According to exhibitions and collections manager Jeffrey Carr, the Navajo weavings were brought from the southwestern states, specifically from the Arizona and New Mexico area.

“They contain no dye and are composed of sheep’s wool,” Carr said. “Thus the natural colors of grey, brown and white are interwoven. They are different from any other kind of weaving.”

The style itself is called Two Grey Hills and earned recognition in the early 20th century. It is characterized by extremely fine tapestry weaving with geometric patterning and its natural, handspun wool in earth shades.

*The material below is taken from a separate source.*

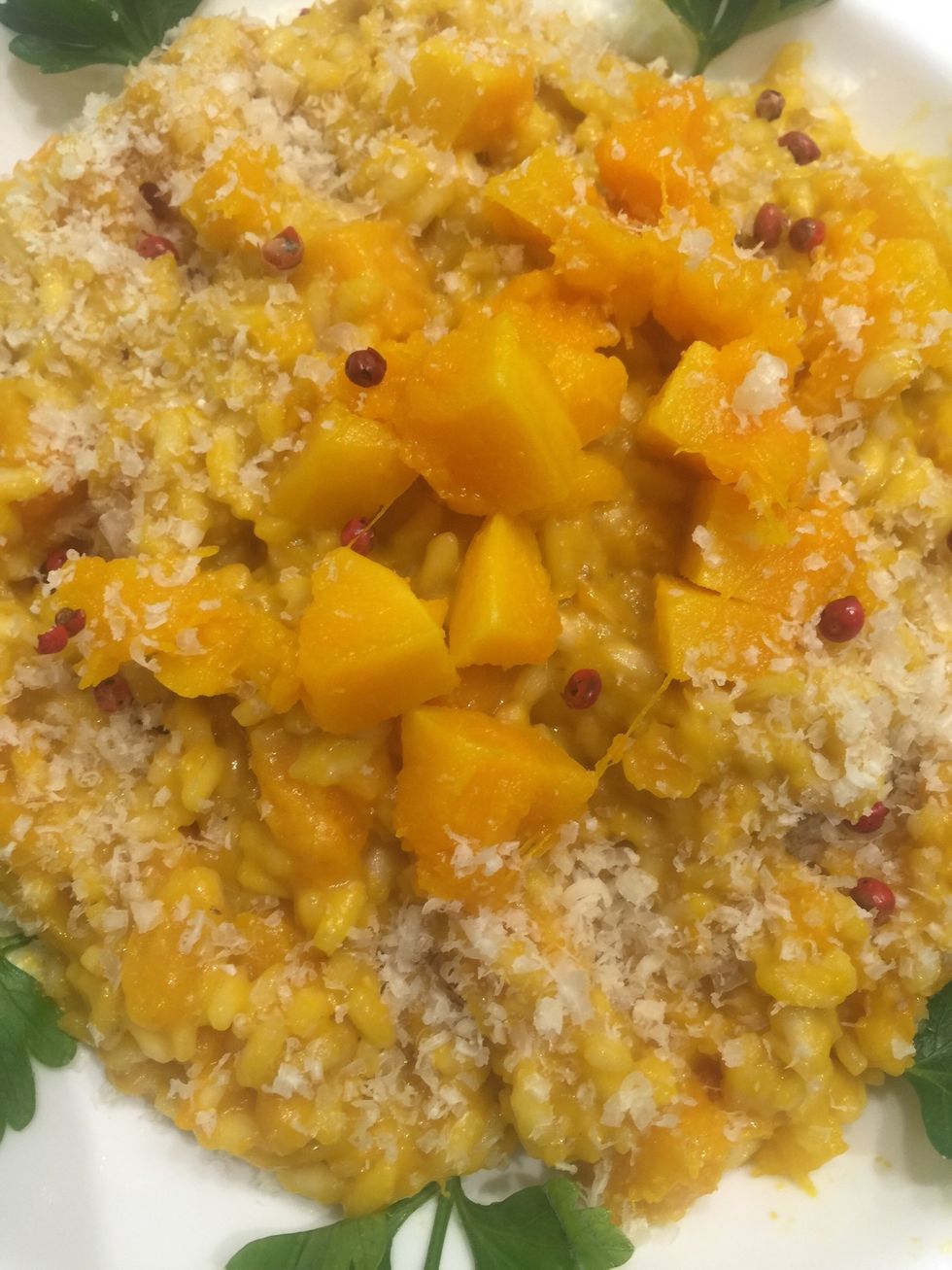 Serve. Add the rest of the grated Parmesan and few pieces of pumpkin. And the red pepper corns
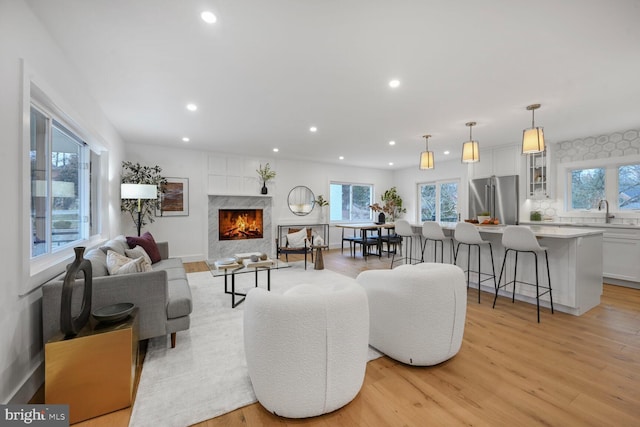 living room with light wood-style floors, a wealth of natural light, and recessed lighting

The exhibition at the Kennedy Museum features a smaller selection of weavings by master Navajo weavers from the 1970s and 1980s, as well as a display of “pre-regional” weavings from 1910.

The weavings were previously on display at the Huntington Museum of Art in Huntington, West Virginia. A team of five Ohio University students worked with Sally Delgado, the curator of education at the museum and Lisa Quinn, the educational programs coordinator, to bring the pieces to Athens.

The students, Abby Carlson, Greg Hatch, Jeremiah Myers, Jaci Mullalley and Samantha Rommel, selected pieces and conducted research to write the artwork labels.

According to Delgado, the students also put together educational materials that have been used by ninth graders in Hocking County.

In 2006, the Kennedy Museum put together a book based on the collection edited by Jennifer McLerran called, “Weaving Is Life: Navajo Weavings from the Edwin L. and Ruth E. Kennedy Southwest Native American Collection.” The book included photos, essays and how-to guides for readers interested in learning the weaving style.

Caitlyn Lustt, a freshman majoring in fine arts, said she felt the weavings told a story.

“The fact that someone was willing to put that much work into a weaving adds a lot more meaning to it, and it tells you a lot about their life,” Lustt said.

Other current exhibits being shown at the Kennedy Museum include Art as Information: Maps, Plans and Diagrams, and Insights: The School of Art + Design Faculty Collection.

According to the museum’s website, Art as Information “explores how art conveys information through data, text, the body through physical records, spatial information through maps and the self-reflexive intentions of the artists through plans.” The maps and diagrams in the collection seek to express the process of artistic thought through abstract concepts.

Insights features work from college faculty and was gifted to the museum by the creators. The various portfolios seek to display the diverse work professors in the School of Art + Design have contributed to the art world.

Upcoming events include Wax and Gold: Contemporary Artists from the Horn of Africa.